The popularity of LinkedIn has created a fundamental change in how business professionals network and find new employment and business opportunities, especially in the Information Technology sector. Recruiters quickly realized the importance and value of a searchable pool of talent, and spend hours connecting with and contacting potential candidates. Unfortunately, the sheer volume of connection requests and InMails (LinkedIn’s internal mail system) in ‘hot’ skill sets creates a frustration akin to spam for many. As a result, the Recruiters at TDK Technologies have heard many grumblings in recent months regarding the excessive traffic and emails. Although many reading this are likely nodding their head in agreement and see ‘spam’ as a negative to having a LinkedIn account, there are actually several positives that can be gleaned from this.
The first positive is that you can get a good read on the market for your skill set. If you are receiving numerous requests to discuss a variety of opportunities, that should give a good indication of the current demand for your skill set. Perhaps the comfort of seeing the demand gives you a bit more peace of mind or even the courage to take a calculated risk to leave a known but less than fulfilling job for a new opportunity. Conversely, if you’ve taken the time to build out a decently informative profile with work history and the requisite buzz-words, and you are receiving very little interest, then perhaps that is a sign that it's time to update your skill set.

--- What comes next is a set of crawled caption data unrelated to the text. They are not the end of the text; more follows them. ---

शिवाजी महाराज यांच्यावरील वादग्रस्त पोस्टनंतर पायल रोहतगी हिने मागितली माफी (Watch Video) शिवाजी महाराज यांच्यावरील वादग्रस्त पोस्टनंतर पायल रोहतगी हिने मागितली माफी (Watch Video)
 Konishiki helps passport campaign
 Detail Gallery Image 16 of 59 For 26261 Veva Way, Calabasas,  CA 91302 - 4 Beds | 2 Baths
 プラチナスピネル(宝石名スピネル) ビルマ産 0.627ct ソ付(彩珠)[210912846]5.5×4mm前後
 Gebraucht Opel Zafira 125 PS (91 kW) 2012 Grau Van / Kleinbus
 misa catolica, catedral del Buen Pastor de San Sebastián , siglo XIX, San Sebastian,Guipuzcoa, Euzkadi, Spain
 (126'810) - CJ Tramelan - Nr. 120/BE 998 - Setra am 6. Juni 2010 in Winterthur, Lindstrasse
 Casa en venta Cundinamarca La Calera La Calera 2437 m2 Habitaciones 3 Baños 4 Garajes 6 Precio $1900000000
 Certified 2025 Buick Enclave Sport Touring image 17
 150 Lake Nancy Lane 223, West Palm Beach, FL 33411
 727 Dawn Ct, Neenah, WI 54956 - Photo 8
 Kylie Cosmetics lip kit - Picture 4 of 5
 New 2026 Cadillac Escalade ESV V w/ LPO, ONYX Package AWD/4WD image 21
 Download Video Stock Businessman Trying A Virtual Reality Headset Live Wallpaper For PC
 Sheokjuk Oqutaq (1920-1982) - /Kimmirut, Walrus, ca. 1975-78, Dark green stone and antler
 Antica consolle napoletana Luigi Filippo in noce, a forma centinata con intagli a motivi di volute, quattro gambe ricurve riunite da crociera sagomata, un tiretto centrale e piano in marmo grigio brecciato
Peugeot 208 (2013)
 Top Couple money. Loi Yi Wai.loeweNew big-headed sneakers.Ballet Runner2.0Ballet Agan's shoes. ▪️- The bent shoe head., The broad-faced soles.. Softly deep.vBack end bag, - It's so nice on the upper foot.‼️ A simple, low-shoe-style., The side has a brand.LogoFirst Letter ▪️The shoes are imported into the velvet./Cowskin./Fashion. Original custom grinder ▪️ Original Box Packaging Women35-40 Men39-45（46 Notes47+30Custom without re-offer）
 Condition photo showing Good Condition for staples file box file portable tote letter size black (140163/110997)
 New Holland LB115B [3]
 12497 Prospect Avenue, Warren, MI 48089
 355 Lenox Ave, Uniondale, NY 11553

The second positive resulting from increased LinkedIn activity is the ability to window shop various opportunities. While it doesn’t take an incredible amount of effort to jump over to Indeed.com and take a quick survey of the local market, the Recruiters that utilize LinkedIn bring that information to you. You can avoid submitting your information to career portals and losing control of the destination of your resume. Not only that, but unlike blindly submitting your resume through a job posting, most Recruiters contacting you through LinkedIn will readily answer any questions you may have so that you can pre-qualify an opportunity that meets your needs. You can then cherry-pick to see what opportunities, notes or Recruiters catch your eye, and then engage in conversation if it suits you.
The third positive is the ability to get a glance at the various Recruiters and firms out there before deciding to engage and giving out private information such as a phone number or even an electronic version of your resume. You can get a look at how the Recruiter communicates, what their approach looks like, and even peek at the background of the Recruiter by viewing their profile. Most Recruiters that are effectively utilizing LinkedIn will have a ton of information you can use. You can view the connections you both have in common and find out from your connections what their dealings with a particular Recruiter have been like. You can get a look at the Recruiter’s experience level, tenure history and even see if the Recruiter has been formally recommended by other IT Professionals.
Most IT Professionals recognize there are just too many advantages of LinkedIn to not have a profile. The ability to connect with and professionally network with peers, former co-workers and other professionals, and the ability to join informative groups for learning and problem solving are just a couple of the benefits. While it can be annoying and even overwhelming for some to wade through the InMails and countless invitations to connect, take solace in the fact that even spam has a silver lining.